Aston University Blog

Aston is a small research led university and efficiency in our processes is essential to allow us to deliver quality support with small teams. Our aim is to exploit ORCID’s potential to improve our research profile and also our efficiency and effectiveness in managing publications information.
ORCID implementation will be incorporated into a significant communications campaign planned for the next year around Aston’s open access culture and aimed at raising researcher awareness, improving their participation in our semi-automated PURE loads, embedding systems and support for open access publishing and ensuring funder compliance.
We will use the new ORCID registration facility in PURE (version 4.18), our current research information system with the registration process being piloted in one School, before being rolled out to the rest of the University. The registration process will be supported by targeted in-house training and appropriate guidance notes which will be easily accessible via the university’s intranet.  We intend to embed ORCID IDs into the HR system (CORE) so that new staff joining the university beyond this project will be required to register for ORCID as part of the employment process. The implementation plan, training materials and guidance notes will then be made available for use by other universities using PURE (some 20 institutions located across the UK).

Imperial College

Imperial College Blog

Imperial College London is a science-based university with a reputation for excellence in teaching and research. Its academic staff publish several thousand articles per year, as well as a broad range of other research outputs including data. The use of ORCID has the potential to help both the individual authors and College to track these outputs and to reduce administrative workload around scholarly communication. To realise this potential, Imperial College is currently in the process of negotiating an institutional membership to ORCID. When that process is completed a pilot project will be launched to create identifiers for the staff of two departments; the pilot will be used to test aspects of the ORCID roll-out such as de-duplication (for staff who already have an ORCID) and systems integration. When the pilot is completed, ORCID will be gradually rolled out across College, including postgraduate research students. During this process we will work with partner organisations to advance the integration of ORCID across systems; a first step will be integrating ORCID into Symplectic Elements, our common research information system. We are looking forward to share the lessons we will learn in this process through the ARMA/Jisc ORCID pilot. Please contact Dr Torsten Reimer (t.reimer@imperial.ac.uk) should you have any questions regarding this project.

University of Kent
Kent Early ORCID
Project Manager: Lesley Gould (
Lesley Gould <L.Gould@kent.ac.uk)

U of Kent Blog

Our chosen project name reflects both the nature of the pilot programme and our desire to engage researchers early in their careers. We aim to encourage Kent PhD and early career researchers (ECRs) to sign-up for ORCID. This group are often very mobile at the early stages of their career so a persistent identifier would be particularly useful.
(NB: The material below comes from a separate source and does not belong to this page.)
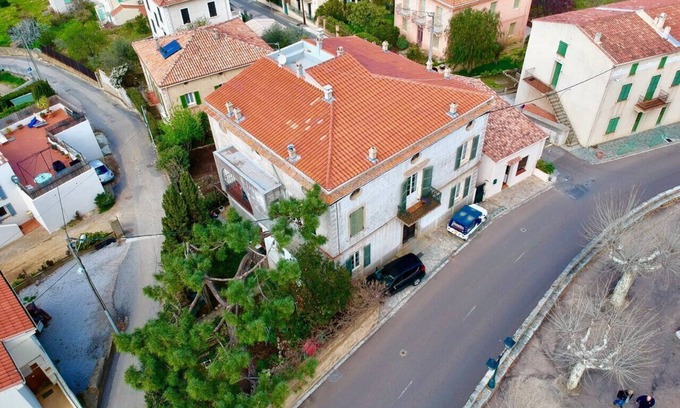 Calenzana Apartment | renovated apartment in bourgeois house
They will be able to include the same ORCID in their PhD thesis and in all publications from the beginning of their career. We plan to employ PhD students/early career researchers to act as ORCID champions in academic schools via activities such as one-to-one peer to peer advocacy,  presentations and also promotional events. We will be integrating ORCID into our eprints institutional repository (IR), Kent Academic Repository, in our submission process for electronic research theses and in our new CONVERIS Current Research Information System (CRIS), KRIMSON. The potential use of ORCID to aid effective reporting internally, back to funders, HEFCE, HESA and other agents will be examined and reported. We plan to share widely our experiences and reflections with regard to our proposed advocacy approach for ORCID and also our CRIS and IR integrations.

University of Oxford

University of Oxford Blog

The University of Oxford is an institutional member of ORCID and has adopted a lightweight model for enabling individual ORCIDs to be linked to university personal profiles. The pilot project will release the demonstrator as a live service. The University has recently upgraded to Symplectic version 4.8 that enables ORCID integration. During the development and implementation process of the ‘ORCIDs at Oxford’ service, a number of factors emerged that prevent ORCID linking to operate as a fully synchronized service with managed verification. The main objectives of the project will be to examine, identify and promote the value proposition for individual authors, to further explore and resolve mainly non-technical matters that have been uncovered so far, for user testing, to open up discussions with other UK HEIs and community engagement, to continue implementation discussions with ORCID, to make recommendations to ORCID (as part of the UK community), and to promote the new service across the University. The Oxford discussions are taking place in close collaboration with OUP, a commercial partner of ORCID that implemented ORCID IDs in its journal submission systems in early 2014.

Northumbria University
Embedding ORCID across researcher career paths

Northumbria University Blog

At Northumbria, the University Library has been proactively promoting and supporting ORCID implementation, both as an identifier in the institutional repository Northumbria Research Link (NRL) and as part of a well-established research skills programme. This project provides an opportunity to explore broader implementation of ORCID at different stages of researcher career paths and throughout the research cycle via a multi-stakeholder  partnership across the institution.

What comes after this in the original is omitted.